Coalification is a natural process which results in the deposits of combustible carbonaceous solids in combination with some non-combustible mineral matter. Most coal cleaning is carried out by gravity separation methods utilizing jigs, shaking tables, heavy media or cyclones, and like techniques. The fine coal therefrom has been incorporated into clean coal or simply discarded in the past; however, due to economic and environmental considerations gained by recovery of the fine coal fraction, fine coal beneficiation has become a necessity in most coal operations requiring any degree of preparation. Froth flotation is one method which has been practiced for cleaning the fine coal.
The use of froth flotation to effect a separation of pyritic sulfur and ash particles from coal can be achieved only if liberation of these unwanted particles from the coal has taken place. Most high-grade coals are floatable naturally due to their hydrophobic surface and typically only require a frothing agent for effecting flotation. A frothing agent imparts elasticity to the air bubble, enhances particle-bubble attachment so that the coal is buoyed to the surface of the slurry. The flotability of coal can vary within a given seam at a mine depending upon the exposure of the locale to weathering elements or the blending of coals from different seams. Butuminous and lower grade coals either possess an oxidized condition as mined or undergo oxidation (weathering) when the coal is stored or stockpiled for later processing. Coal that has been oxidized does not respond well to froth flotation. As the degree of oxidation increases, coal becomes increasingly hydrophilic and, therefore, less coal readily can be floated. Heretofore, oxidized coal which was not flotable was discarded in the tailing of the flotation proces with little attempt to recover this loss being undertaken.

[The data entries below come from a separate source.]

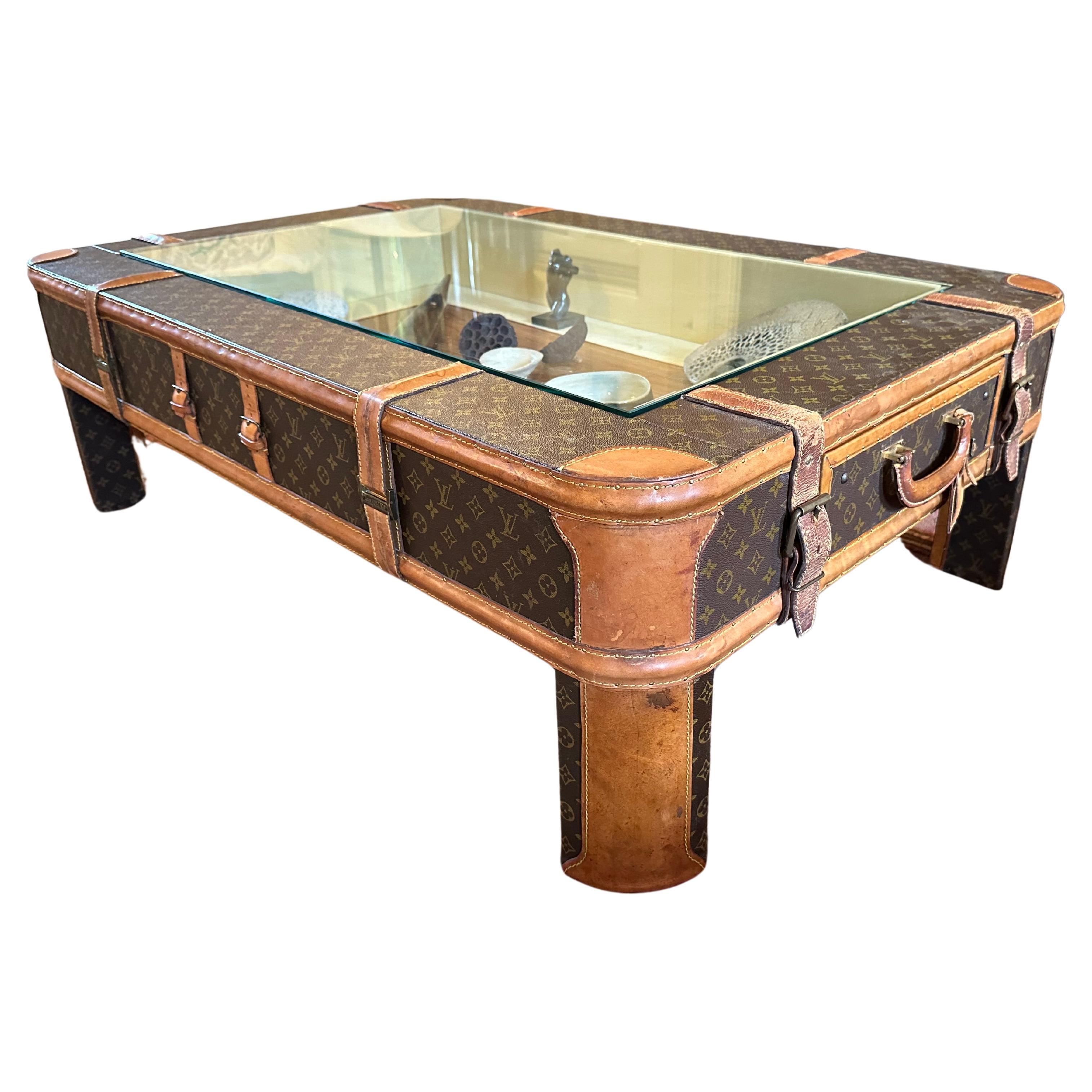 A coffee table made from vintage Louis Vuitton luggage For Sale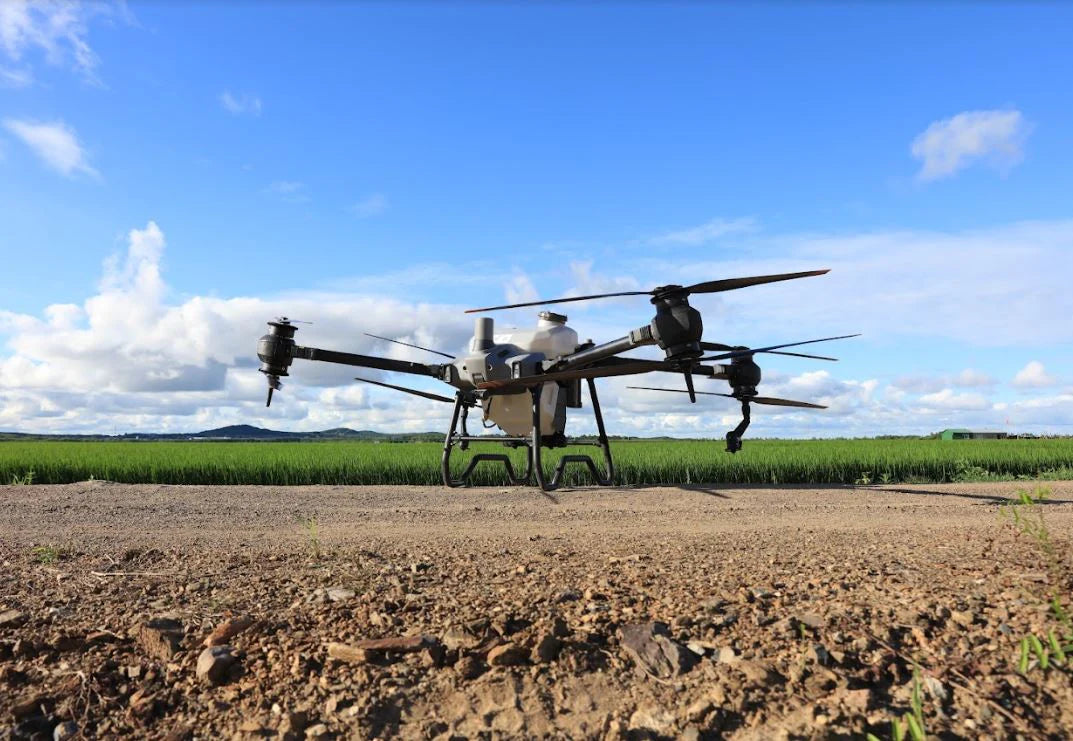 Large DJI AGRAS T40 Agricultural Drone on a dirt surface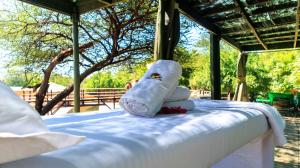 Una cama o camas en una habitación de Samburu Elephant Lodge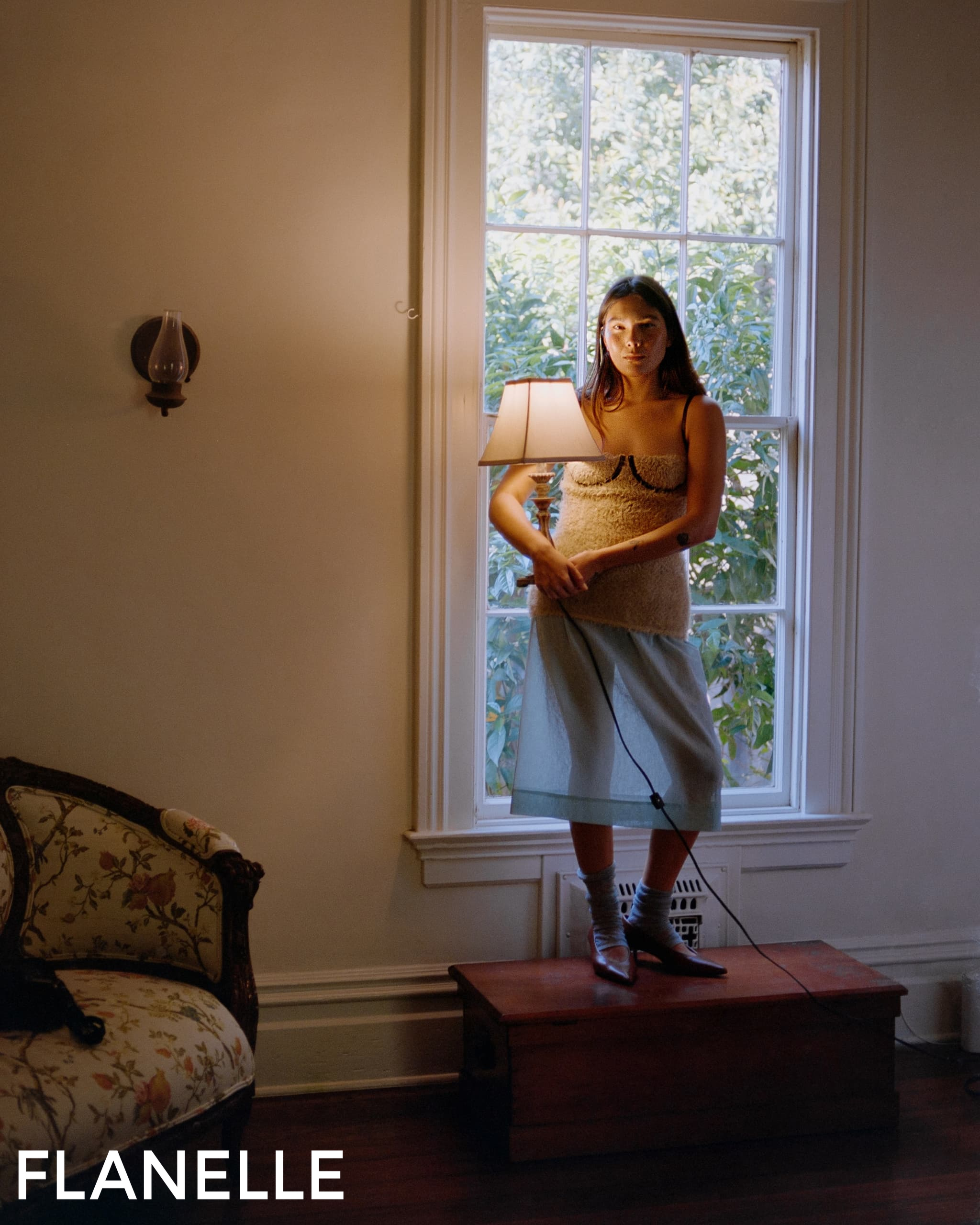 Woman standing by window in vintage room, wearing stylish sweater and skirt.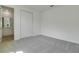Carpeted bedroom with a closet and an ensuite bathroom featuring a sink and vanity at 1118 Olivine Ave, Dundee, FL 33838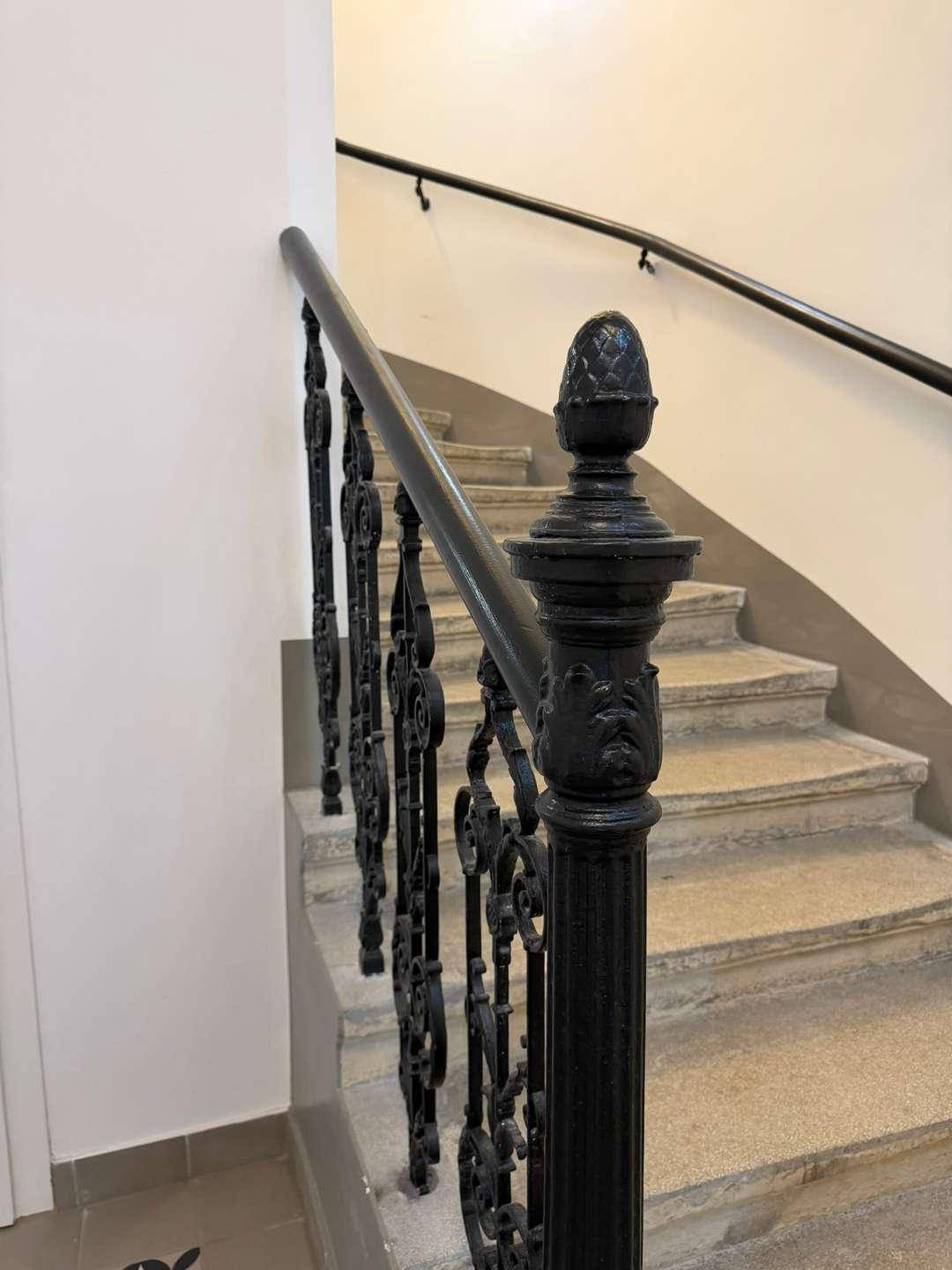 Historisches Treppenhaus mit kunstvollem schmiedeeisernem Geländer und Steinstufen.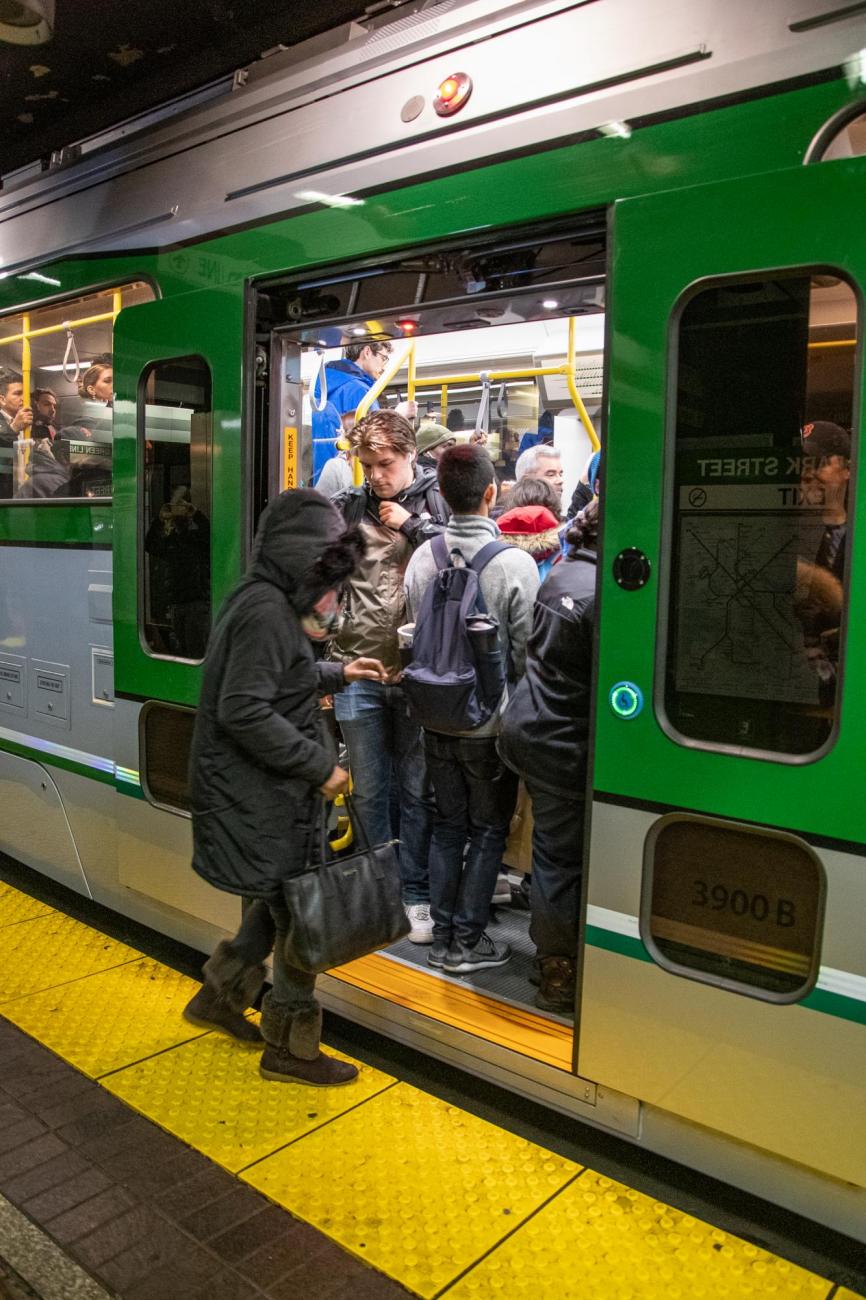 Passengers at North Station board the first new Green Line vehicle in service (December 21, 2018).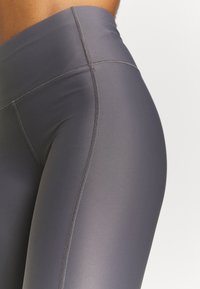 Šedé legíny vyrobené z hladké, elastické látky. Vysoký pas s plochými švy, který nabízí elegantní, přiléhavý design.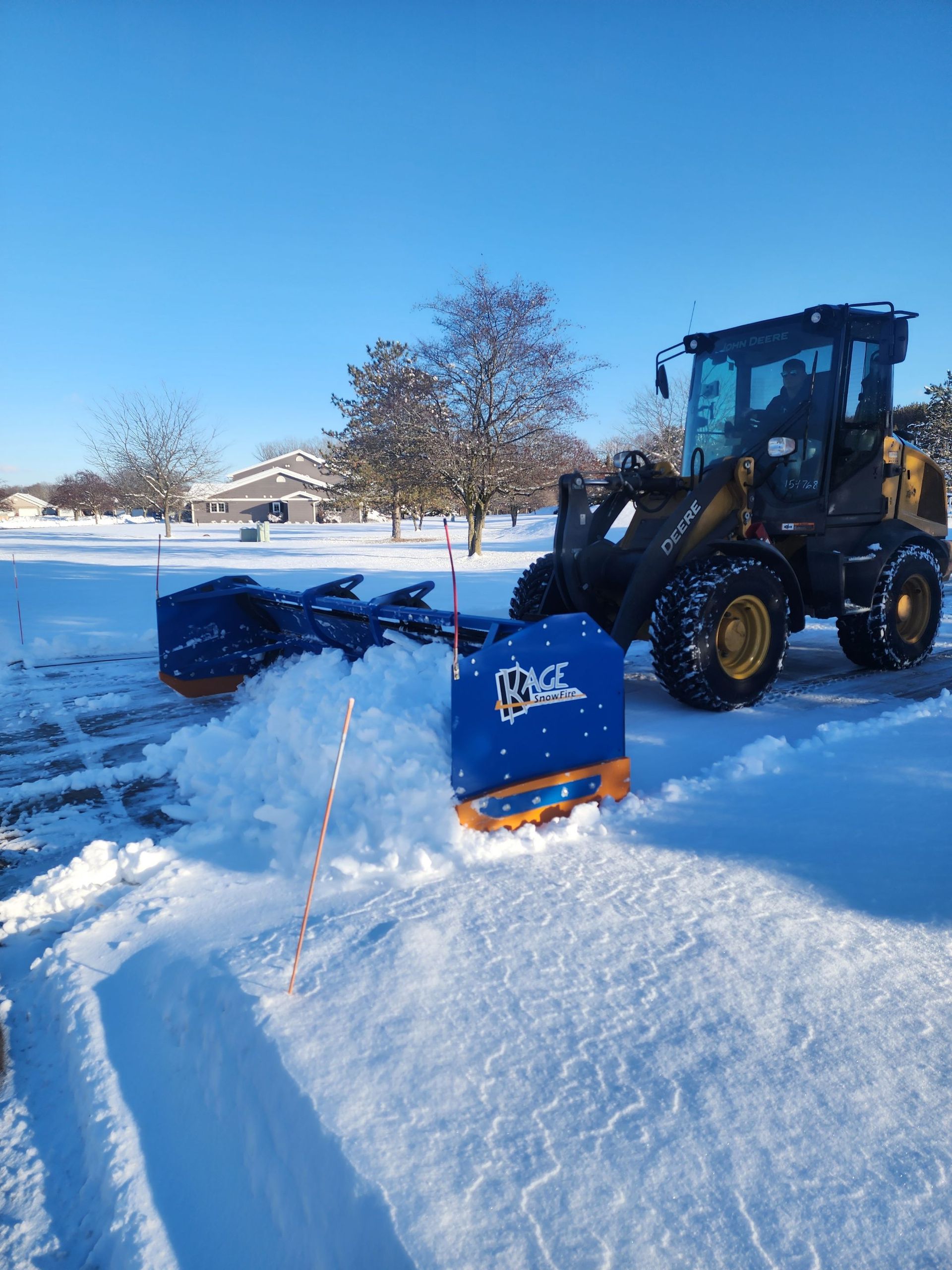 A snow plow is clearing snow from a parking lot
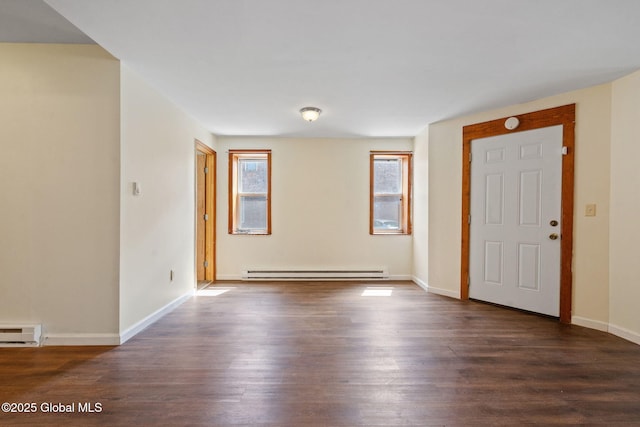 foyer with baseboards, dark wood-type flooring, a baseboard radiator, and baseboard heating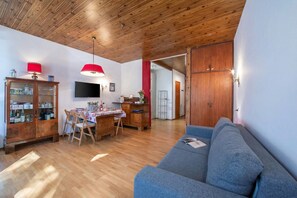 Een woonkamer met een houten plafond, een blauwe bank, een eettafel met stoelen, een televisie en een kast met glazen deuren.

Conventional frothing agents or frothers in the coal flotation process generally have been short-chain alkanols, terpene alcohols such as alpha-terpineol, short-chain glycols, sorbitol derivatives, ethoxylated alcohols, and mixed alkylene oxide glycol ethers. While such alcohol frothers function in the coal float, the need for improved alcohol frothers yet exists. The present invention provides improved high coal recoveries with improvements in coal quality utilizing a novel alcohol promoter which is highly effective and can be inexpensive to manufacture.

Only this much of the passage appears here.